Wednesday 24 January 2007

In the bit of my Gubaidulina review where I ranted about how so many composers don’t know how to write music for certain instruments, so they just copy what some famous composer did before them (and so everything written for that instrument ends up sounding the same, and so everyone thinks that instrument always sounds the same…), I was referring to something Morton Feldman used to complain about. I forgot to mention it.
Kyle Gann has been discussing Feldman again on his blog, with two anecdotes I’d not heard before, regarding the need to be aware of how complicit you are in acceding to convention, be it social, historical, or personal.

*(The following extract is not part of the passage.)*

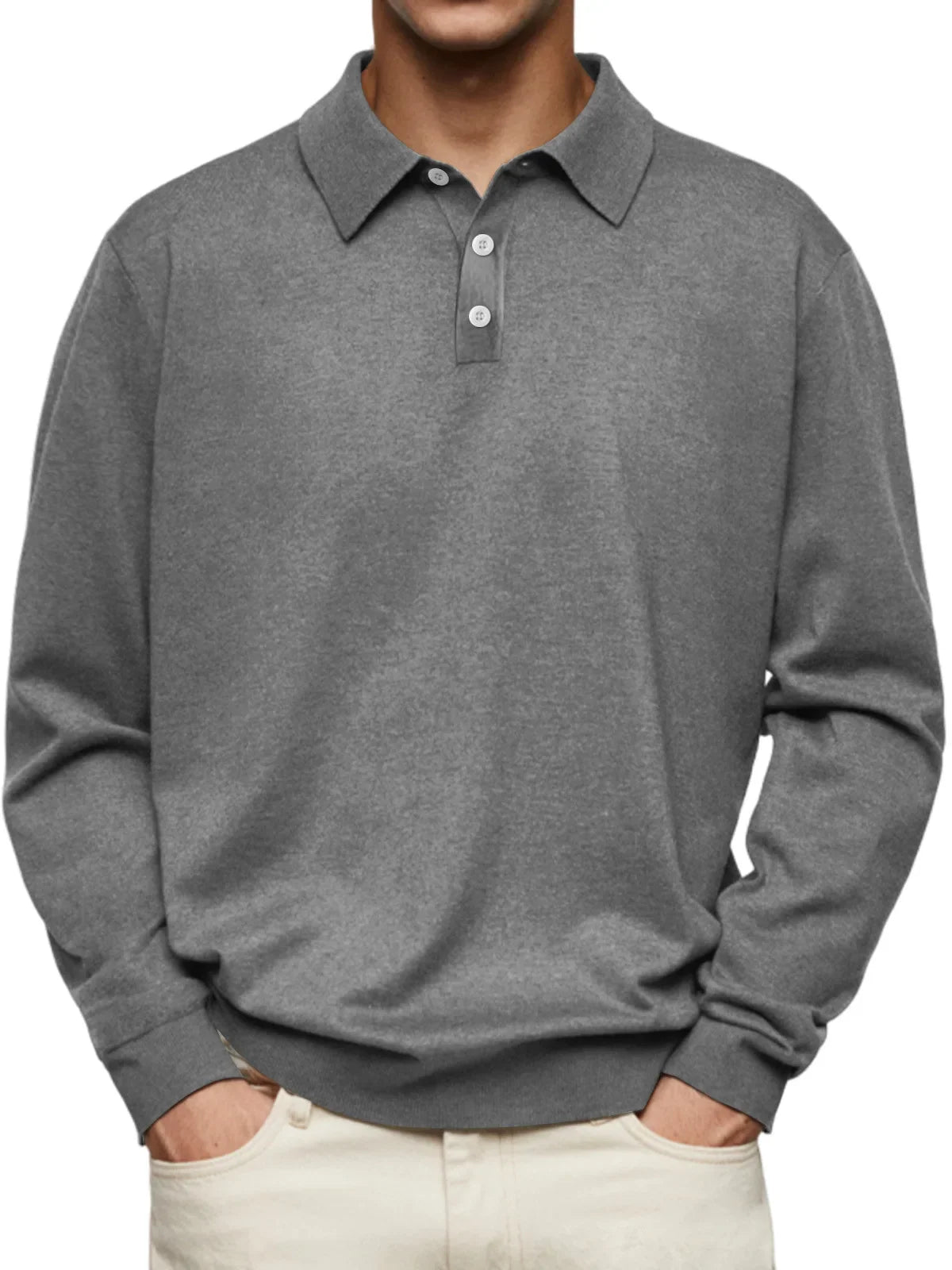 CASUAL LONG SLEEVE POLO SHIRT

He doesn’t mention whether there is an intentional subtext about Jewish minds thinking alike.
Morton Feldman used to have a standard assignment that he gave his students: “Write a piece that goes against everything you believe.” He found that his students wrote their best pieces denying all their usual reflexes. (Sort of like the Seinfeld episode in which he decides, since everything he does turns out badly, that he’ll do the opposite of his reflex habits from now on – and it works.) Feldman also had a standing offer to buy dinner for the student who could come up with the worst orchestration – and no one ever won, because the more they worked to come up with bizarre instrument combinations, the more interesting the results.

  1. Aw crap, I didn't even know about the Niblock thing.

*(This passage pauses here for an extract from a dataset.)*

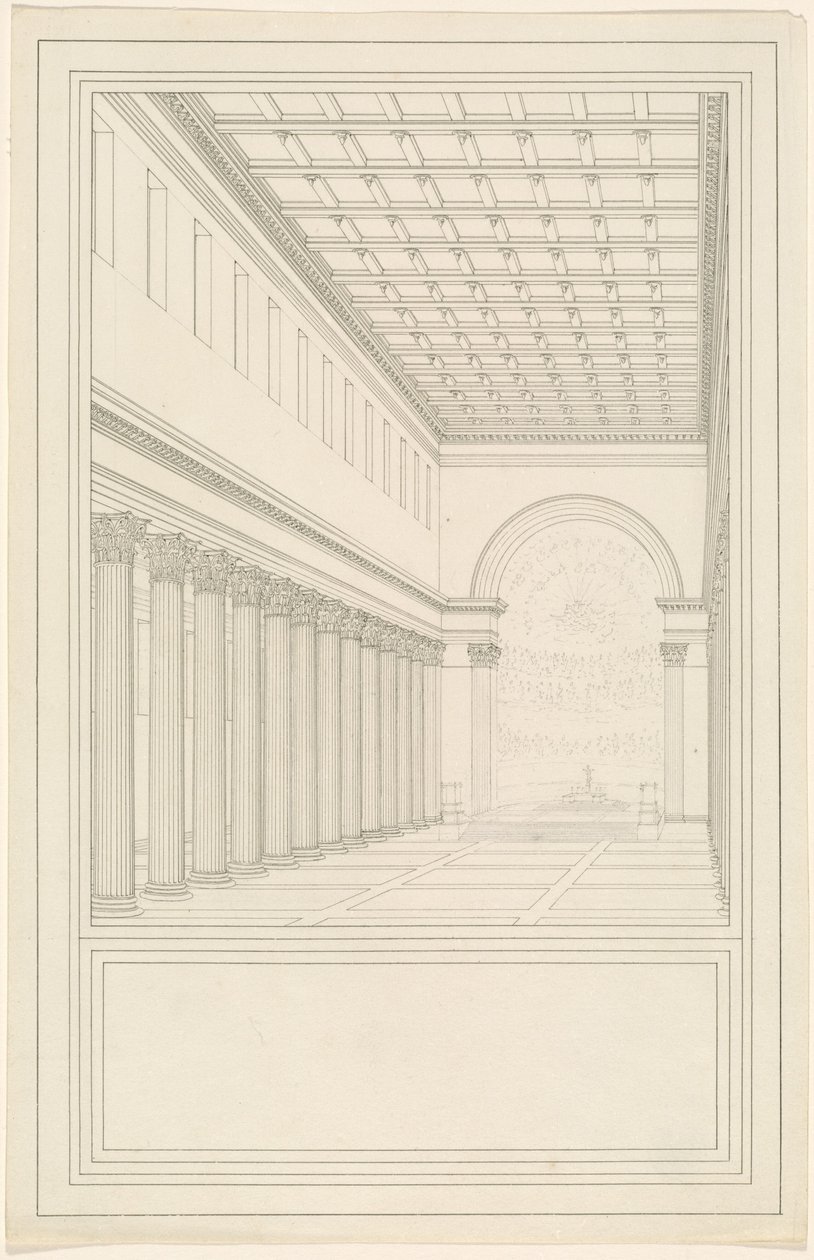 Das Kirchenschiff und die Apsis, ohne Querschiff, einer Kathedrale für Berlin von Karl Friedrich Schinkel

  2. I write very little for the orchestra, but have gotten quite a few compliments on the orchestrations I have done. My stock response is, "They sound good because I have no idea what I'm doing." It's true: I orchestrate with a Sam Adler book in my lap because I don't even have the ranges memorized.

  3. Tim – Sorry, I'd have mentioned it in a comment on yr blog but I found out too late. The exhibition (with recorded music) is still on for the next month or so.

    Hucbald – I'm sure I'd be selfconscious about doing something "wrong" in writing orchestration, but I've never been in a position to write for an orchestra so can happily leave my own approach as a moot point.

    At least you bother to check the instrument ranges, unlike some more famous composers throughout history.